Our stock screener has singled out EXELIXIS INC (NASDAQ:EXEL) as a stellar value proposition. NASDAQ:EXEL not only scores well in profitability, solvency, and liquidity but also maintains a very reasonable price point. We'll explore this further.
Assessing Valuation Metrics for NASDAQ:EXEL
To assess a stock's valuation, ChartMill utilizes a Valuation Rating on a scale of 0 to 10. This comprehensive assessment considers various valuation aspects, comparing price to earnings and cash flows, while factoring in profitability and growth. NASDAQ:EXEL has achieved a 8 out of 10:
- Based on the Price/Earnings ratio, EXEL is valued cheaper than 94.97% of the companies in the same industry.
- Based on the Price/Forward Earnings ratio, EXEL is valued cheaper than 96.01% of the companies in the same industry.
- Compared to an average S&P500 Price/Forward Earnings ratio of 20.11, EXEL is valued a bit cheaper.
- Based on the Enterprise Value to EBITDA ratio, EXEL is valued cheaper than 95.67% of the companies in the same industry.
- EXEL's Price/Free Cash Flow ratio is rather cheap when compared to the industry. EXEL is cheaper than 97.75% of the companies in the same industry.
- EXEL's low PEG Ratio(NY), which compensates the Price/Earnings for growth, indicates a rather cheap valuation of the company.
- EXEL has a very decent profitability rating, which may justify a higher PE ratio.
- EXEL's earnings are expected to grow with 45.06% in the coming years. This may justify a more expensive valuation.

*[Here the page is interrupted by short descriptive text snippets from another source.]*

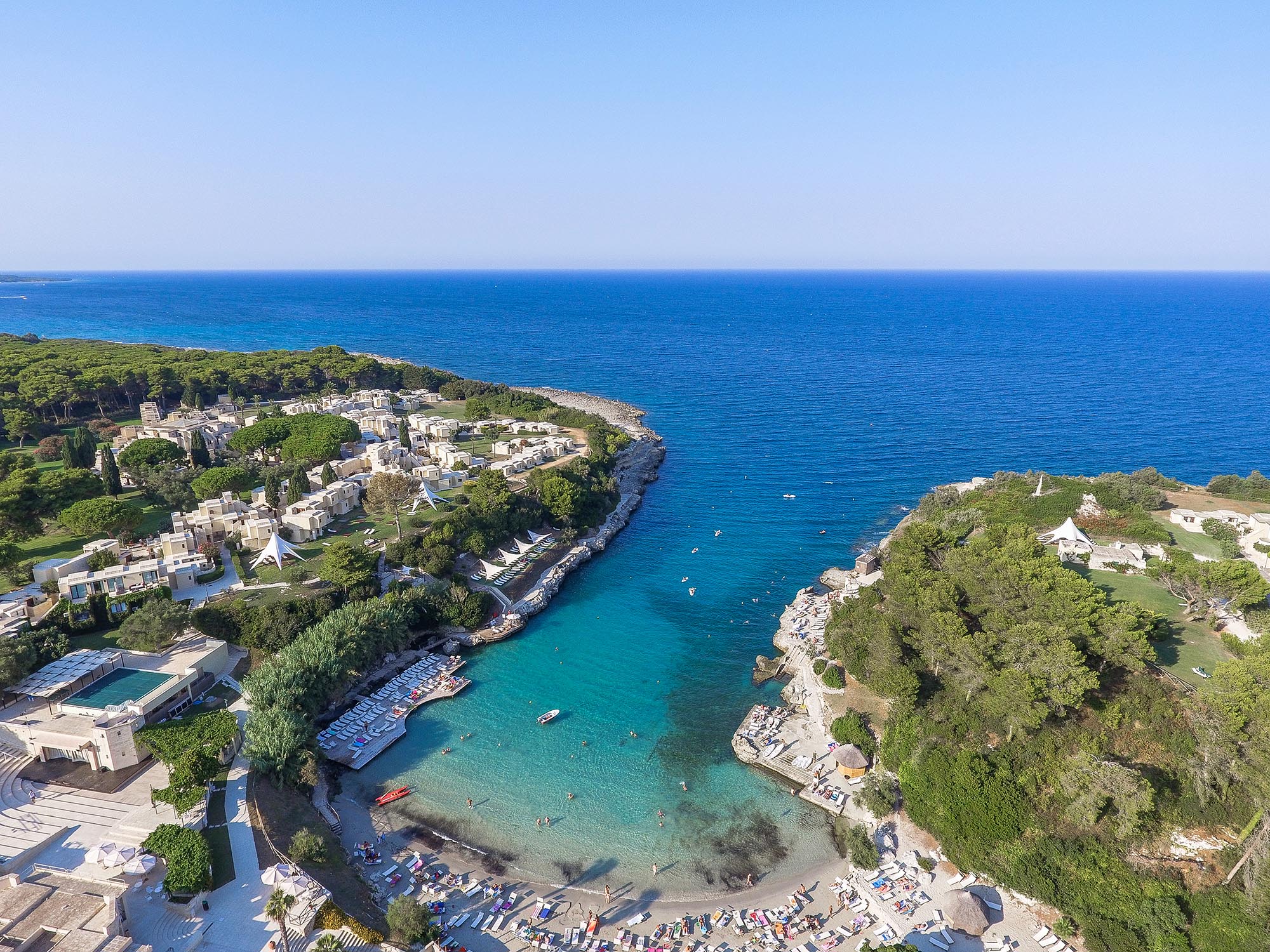 Spiagge Le Cale Dotranto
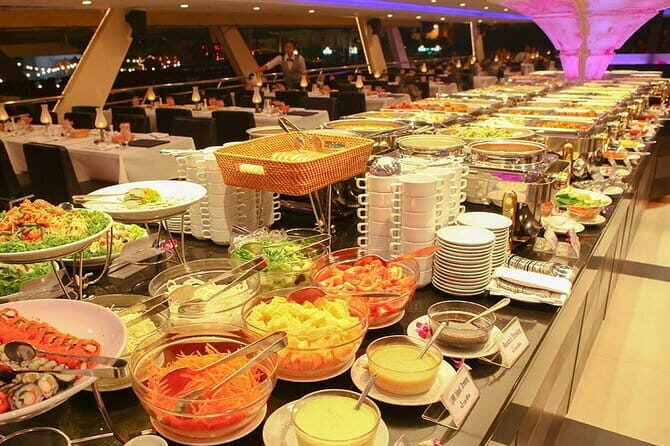 Luxurious Grand Pearl Dinner Cruise in Bangkok - Why This Cruise Is Special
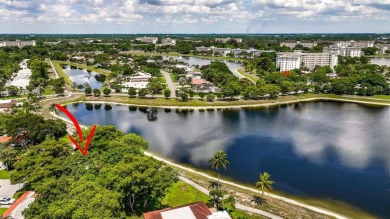 Discover this beautiful & rare VILLA nestled on a QUIET on Palm-Aire Country Club and Resort - Palms in Florida - for sale on GolfHomes.com, golf home, golf lot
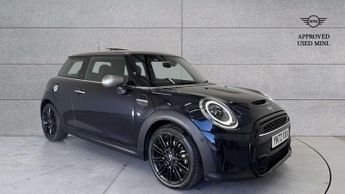 MINI Hatch Cooper S Exclusive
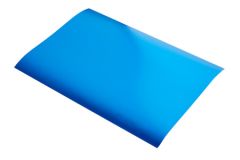 3M 2080-S347 PERFECT BLUE ST A4 Car Wrapping Autofolie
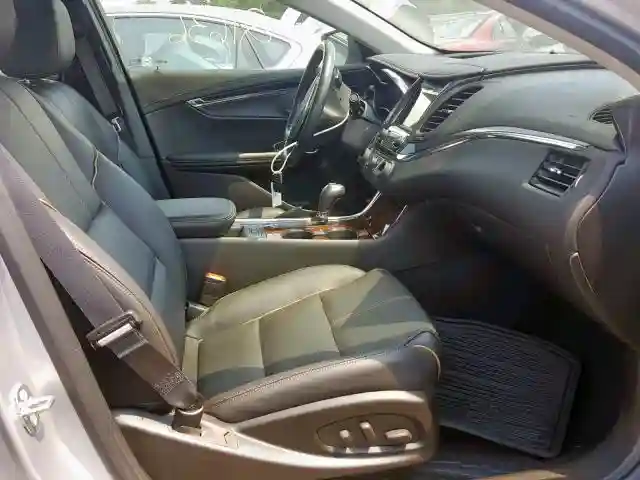 2G1165S38F9231369 2015 CHEVROLET IMPALA LTZ-4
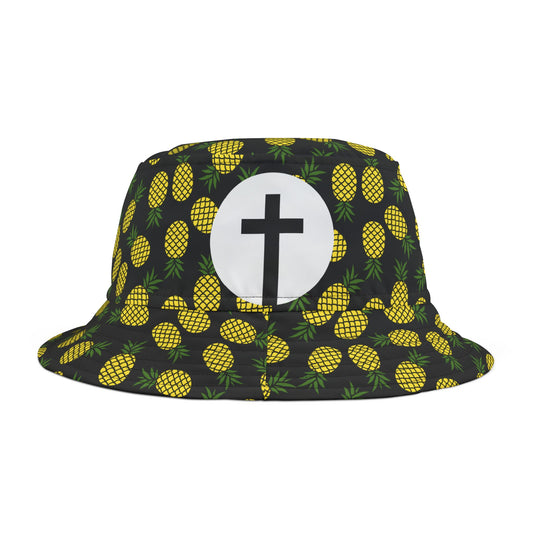 À la croix CHAPEAU ANANAS
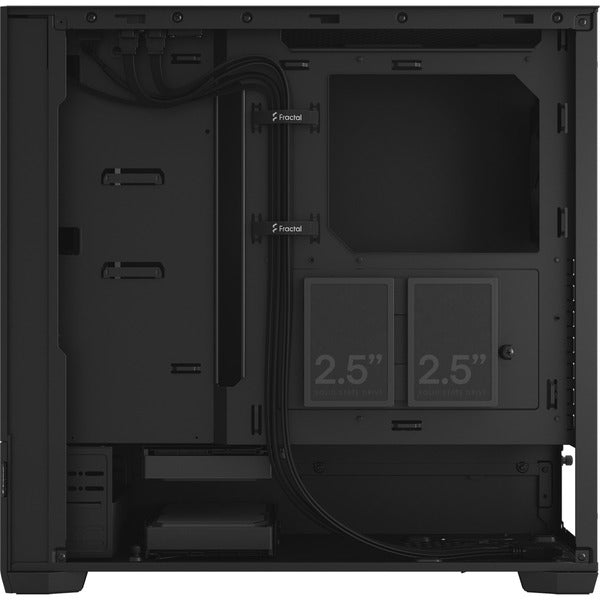 Fractal Design Pop Air Black Solid, Tower-Gehäuse - Fractal Design - vue 11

Profitability Assessment of NASDAQ:EXEL
ChartMill assigns a proprietary Profitability Rating to each stock. The score is computed by evaluating various profitability ratios and margins and ranges from 0 to 10. NASDAQ:EXEL was assigned a score of 7 for profitability:
- EXEL's Return On Assets of 7.31% is amongst the best of the industry. EXEL outperforms 96.36% of its industry peers.
- With an excellent Return On Equity value of 9.64%, EXEL belongs to the best of the industry, outperforming 96.19% of the companies in the same industry.
- Looking at the Return On Invested Capital, with a value of 6.66%, EXEL belongs to the top of the industry, outperforming 95.15% of the companies in the same industry.
- EXEL's Profit Margin of 11.10% is amongst the best of the industry. EXEL outperforms 95.84% of its industry peers.
- EXEL has a Operating Margin of 11.07%. This is amongst the best in the industry. EXEL outperforms 94.80% of its industry peers.
- Looking at the Gross Margin, with a value of 95.69%, EXEL belongs to the top of the industry, outperforming 96.36% of the companies in the same industry.
Health Insights: NASDAQ:EXEL
ChartMill assigns a Health Rating to every stock. This score ranges from 0 to 10 and evaluates the different health aspects like liquidity and solvency, both absolutely, but also relative to the industry peers. NASDAQ:EXEL scores a 7 out of 10:
- An Altman-Z score of 6.84 indicates that EXEL is not in any danger for bankruptcy at the moment.
- EXEL has a better Altman-Z score (6.84) than 80.76% of its industry peers.
- There is no outstanding debt for EXEL. This means it has a Debt/Equity and Debt/FCF ratio of 0 and it is amongst the best of the sector and industry.
- A Current Ratio of 3.46 indicates that EXEL has no problem at all paying its short term obligations.
- A Quick Ratio of 3.41 indicates that EXEL has no problem at all paying its short term obligations.
Assessing Growth Metrics for NASDAQ:EXEL
ChartMill assigns a Growth Rating to every stock. This score ranges from 0 to 10 and evaluates the different growth aspects like EPS and Revenue, both in the past as in the future. NASDAQ:EXEL scores a 6 out of 10:
- The Earnings Per Share has grown by an impressive 50.00% over the past year.
- The Revenue has grown by 10.99% in the past year. This is quite good.
- Measured over the past years, EXEL shows a quite strong growth in Revenue. The Revenue has been growing by 16.47% on average per year.
- The Earnings Per Share is expected to grow by 35.60% on average over the next years. This is a very strong growth
- Based on estimates for the next years, EXEL will show a quite strong growth in Revenue. The Revenue will grow by 8.17% on average per year.
- The EPS growth rate is accelerating: in the next years the growth will be better than in the last years.
More Decent Value stocks can be found in our Decent Value screener.
For an up to date full fundamental analysis you can check the fundamental report of EXEL
Disclaimer
Important Note: The content of this article is not intended as trading advice. It is essential to perform your own analysis and exercise caution when making trading decisions. The article presents observations created by automated analysis but does not guarantee any trading or investment outcomes. Always trade responsibly and make independent judgments.